De fato, sendo o Espírito Santo “o Sopro (Spiritus em latim) que revela a vida, mantém a vida e reanima toda a vida” (BOFF, 2013, p.244), e tendo Ele sido revelado aos apóstolos e entendido pela tradição teológica da Igreja como a Terceira Pessoa da Trindade que não é separada do Pai e do Filho, não os precede, os excede nem os reduz, uma vez que coexiste eternamente em comunhão e interpenetração recíprocas (cf. BOFF, 1986, pp.170-171), pode-se entender que o Espírito Santo serve tanto de crítica quanto de inspiração à atividade humana tomada individual ou coletivamente.

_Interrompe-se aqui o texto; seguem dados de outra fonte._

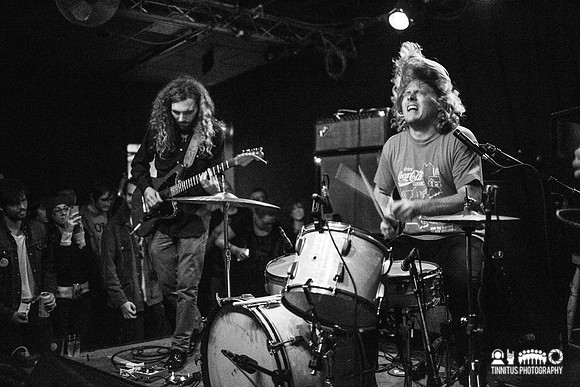 Fuzz in concert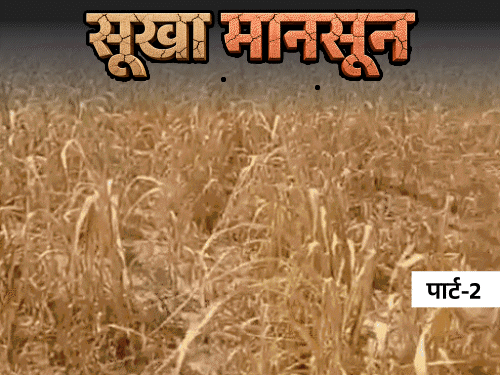 कमजोर मानसून से बर्बाद, अब देनदारों के फोन बज रहे:बच्चों से मजदूरों की जगह करवा रहे काम, चारे लायक भी नहीं बचे खेत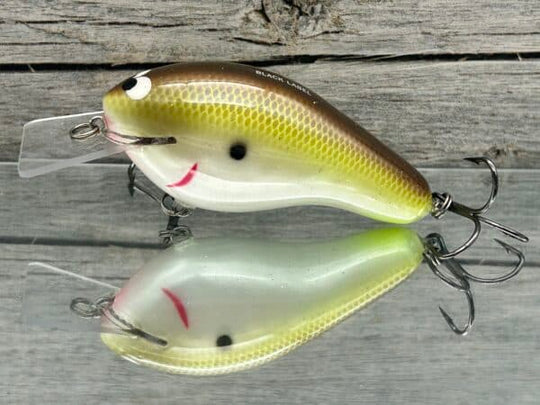 Black Label Balsa - Bully Squarebill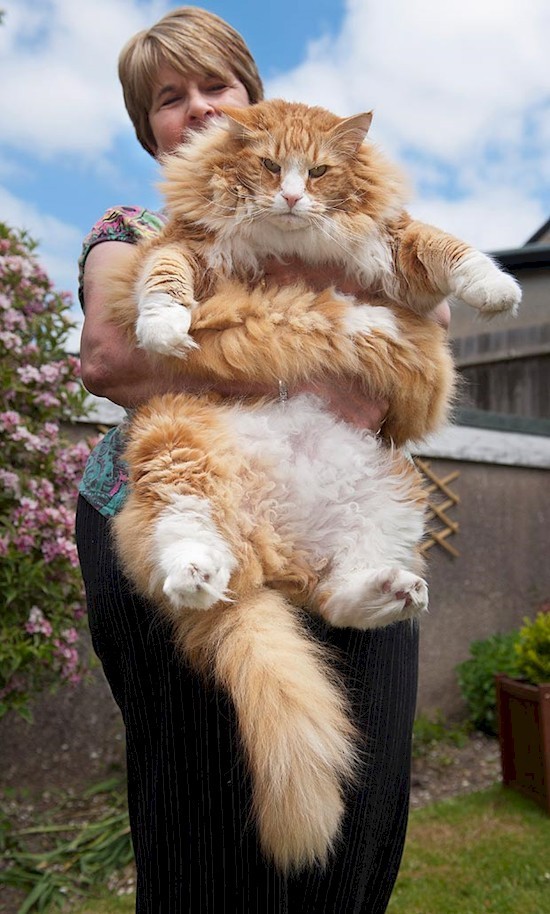 Qui ne rêve pas de s'endormir dans le canapé avec un gros chat comme ça ?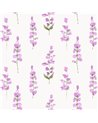 Helaine Fuchsia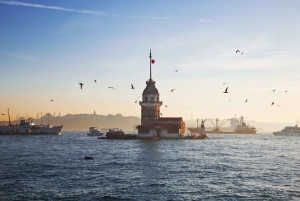 Istanbul:Private Yacht Cruise with Maiden's Tower Visit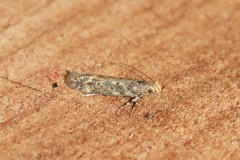 Scrobipalpa ocellatella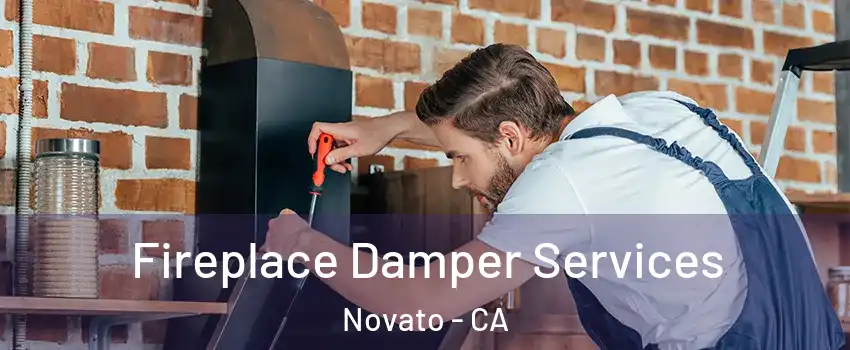  Fireplace Damper Services Novato - CA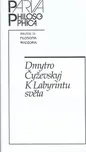 K labyrintu světa - Dmytro Čyževskyj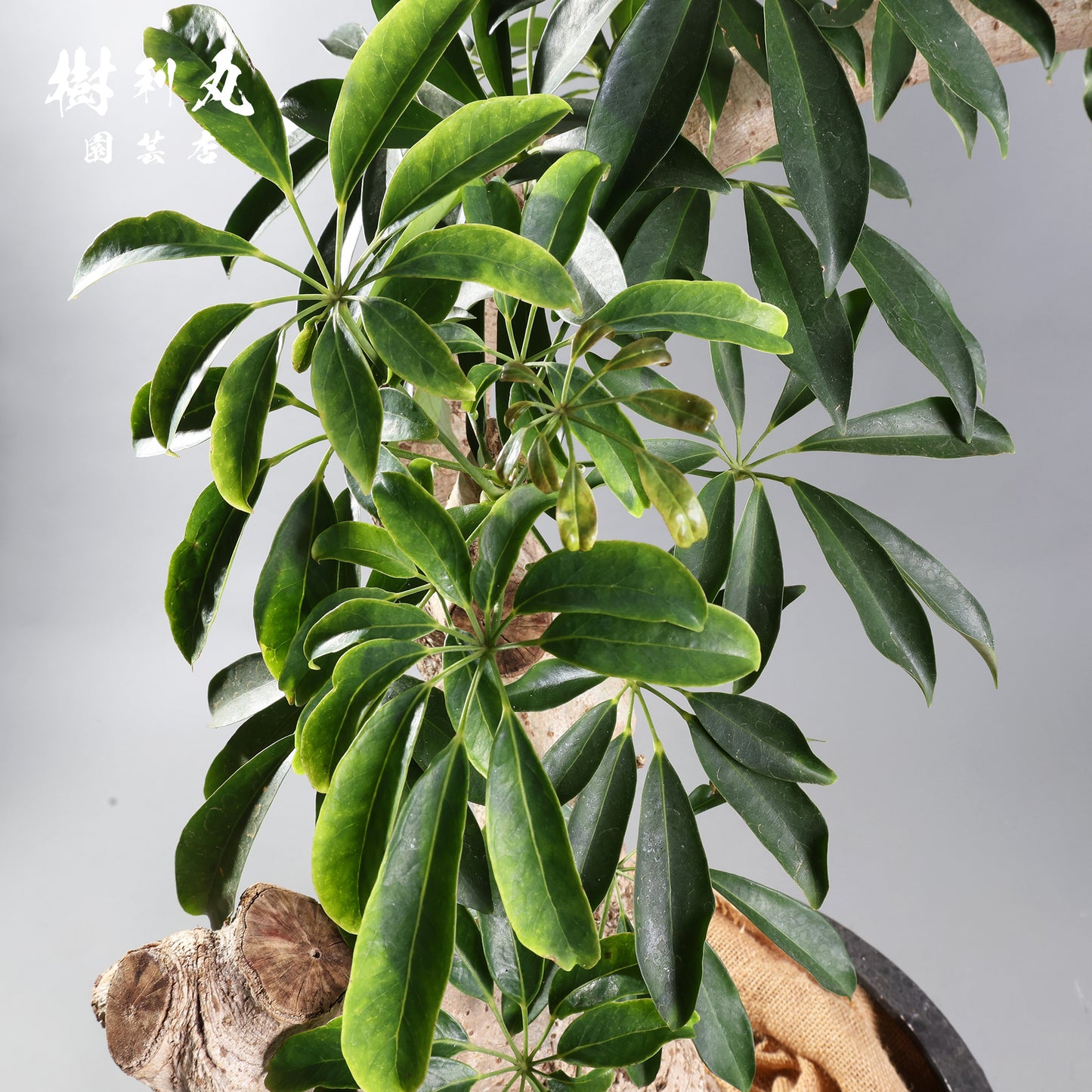 やわらかく、したたかに - シェフレラ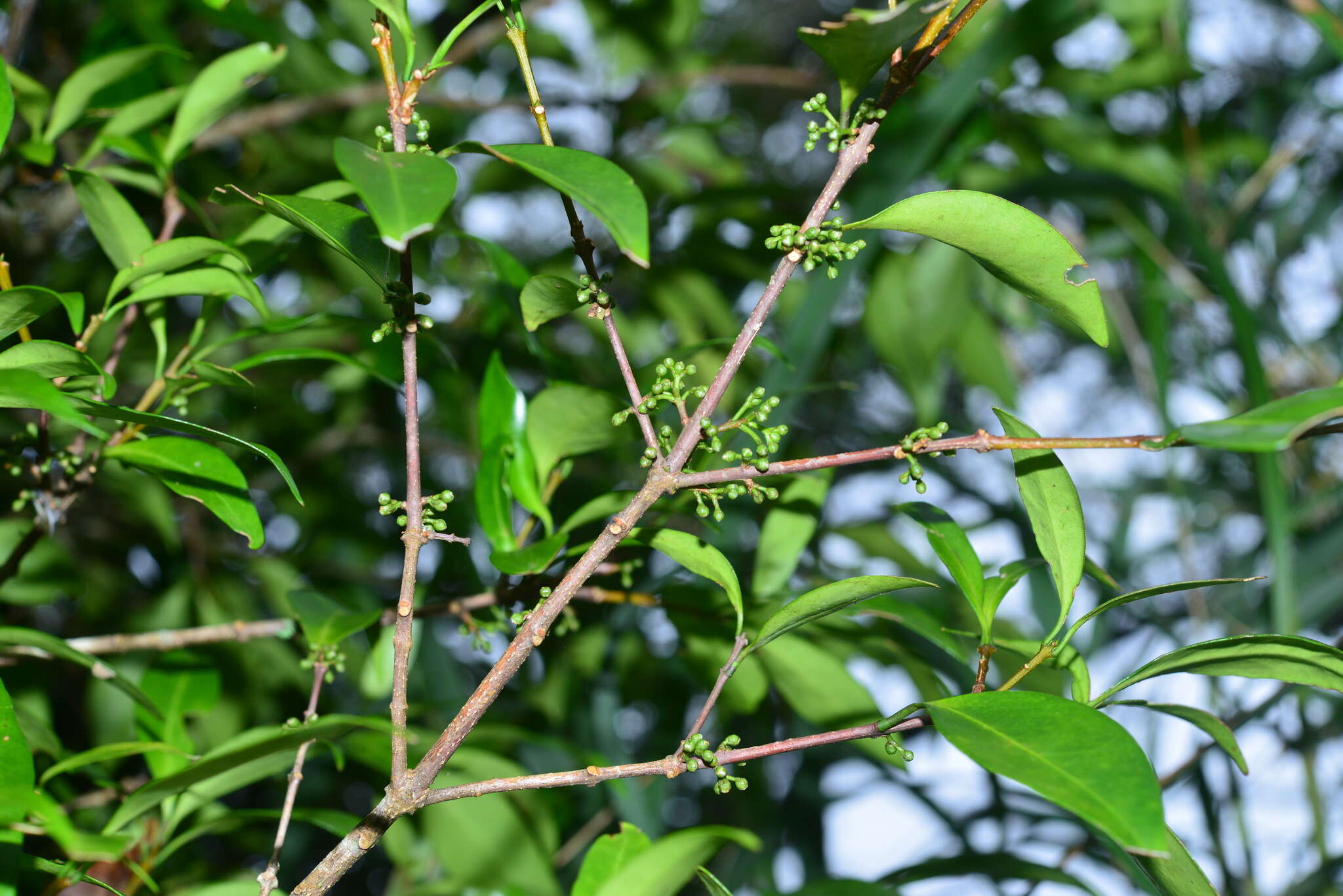 Image of Microtropis yunnanensis (Hu) C. Y. Cheng & T. C. Kao ex Q. H. Chen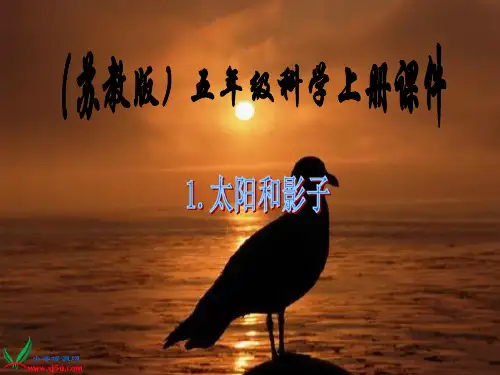 《太阳和影子》PPT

Enquanto que na cultura propagada atualmente há “no nível da pessoa o predomínio do indivíduo, de seu desempenho isolado, de seus direitos compreendidos sem relação com a sociedade”, a comunhão trinitária revelada por Jesus no Espírito Santo, “aberta para além das próprias Pessoas incluindo a criação”, aparece como um convite para a pessoa humana manter-se constante e ativamente em um conjunto de relações nas quais ela dirige sua atenção “para a sua origem (para trás e para cima) no mistério abissal do Pai, para os seus semelhantes (para os lados) revelando-se nos outros e acolhendo a revelação dos outros no mistério do Filho, para dentro de si mesma em sua interioridade no mistério do Espírito Santo”. (BOFF, 2013, p.232).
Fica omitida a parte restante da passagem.